Mais quels sont les faits ? Au premier jour, nous avons décidé deux sanctions contre la Russie à l'unanimité. Nous avons adopté ce paquet. Et l'économie russe en souffre, il ne faut pas croire les fake news, justement. Donc déjà, au premier jour, nous avons exprimé notre solidarité très claire vis-à-vis de l'Ukraine, dans un cadre très clair.
Nous ne voulons pas être impliqués dans ce conflit, parce que nous parlons aussi d'un pays d'une puissance nucléaire à nos portes, mais nous avons contribué à la résistance ukrainienne. Nous sommes l'investisseur le plus important. L'Ukraine résiste beaucoup mieux que ce que l'on attendait. Et quant à la capacité des Européens, on nous disait, voilà, il y a six mois, l'Ukraine va tout à fait s'effondrer pendant l'hiver. Eh bien, ils ont repris les territoires. Donc nous avons adopté des sanctions.

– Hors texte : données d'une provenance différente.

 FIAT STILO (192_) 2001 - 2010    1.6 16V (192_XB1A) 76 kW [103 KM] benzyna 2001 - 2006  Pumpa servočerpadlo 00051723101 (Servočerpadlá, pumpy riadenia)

Nous sommes restés unis. Nous avons fourni beaucoup d'aide aux Ukrainiens sur les financements, les capacités dans d'autres domaines. Et pour la première fois, nous avons mis en place cette coalition des pays volontaires. Et ce n'est pas quelque chose qui va à l'encontre du soutien américain. Mais ce qu'il faut voir, c'est que cette coalition que nous avons lancée au mois de février de l'année dernière en tant que réaction à cet événement, cet incident à la Maison-Blanche avec le président Zelensky, ce que nous disons, c'est que nous voulons prendre nos décisions nous-mêmes. Ça, c'est quelque chose, d'ailleurs, que nous avons lancé avec le Royaume-Uni, mais nous avons également le Canada, l'Australie, la Nouvelle-Zélande, le Japon. Donc ce n'est pas uniquement l'Union européenne, il y a également la Norvège et le Royaume-Uni, et c'est une création qui est très puissante.

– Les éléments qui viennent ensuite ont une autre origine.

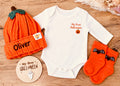 My First Halloween Baby Gift Set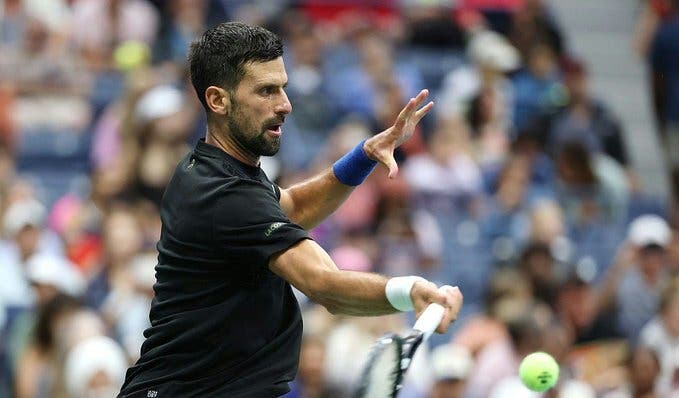 Michael Chang acredita em Tien contra Djokovic: «Pode incomodar qualquer um»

En tant qu'Européens, nous mettons en place un cadre qui nous permet de mettre en place cette réaction. Alors, bien entendu, les relations avec les États-Unis sont très importantes, mais nous avons déjà pris un certain nombre de décisions, et ce que nous avons décidé au niveau français, par exemple, ne va pas à l'encontre de ce que veulent faire les États-Unis.
Journaliste
Alors, par exemple, Airbus, c'est un véritable succès. Pourquoi ne pouvons-nous pas, en Europe, travailler sur la prochaine génération d'Eurofighters ? Je sais que c'est quelque chose qui vous frustre beaucoup, mais quel est le problème ? Pourquoi il y a autant de retard, d'hésitation ?

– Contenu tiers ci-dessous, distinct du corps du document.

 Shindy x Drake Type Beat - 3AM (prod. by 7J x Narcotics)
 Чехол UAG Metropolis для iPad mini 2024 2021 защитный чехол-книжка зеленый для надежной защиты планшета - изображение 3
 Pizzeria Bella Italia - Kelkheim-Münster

[Intervention de M. Kyriákos MITSOTAKIS]
Emmanuel MACRON
Oui, nous devons dégager des résultats. Mais d'ailleurs, c'est quelque chose qui est tout à fait en cohérence par rapport à ce que nous disons depuis le début. Si l'on voit la concurrence mondiale, l'ordre mondial, eh bien, ce qu'il nous faut, c'est des normes communes et davantage de simplification. Tant qu'on a six ou sept ou huit fois plus de capacités, lorsque nous avons ces structures fragmentées, eh bien, nous ne pourrons pas être compétitifs vis-à-vis des États-Unis, donc il faut des fusions, il faut des approches différentes, mais nous devons aller au-delà des intérêts nationaux et des intérêts des entreprises, ça, c'est un intérêt stratégique global.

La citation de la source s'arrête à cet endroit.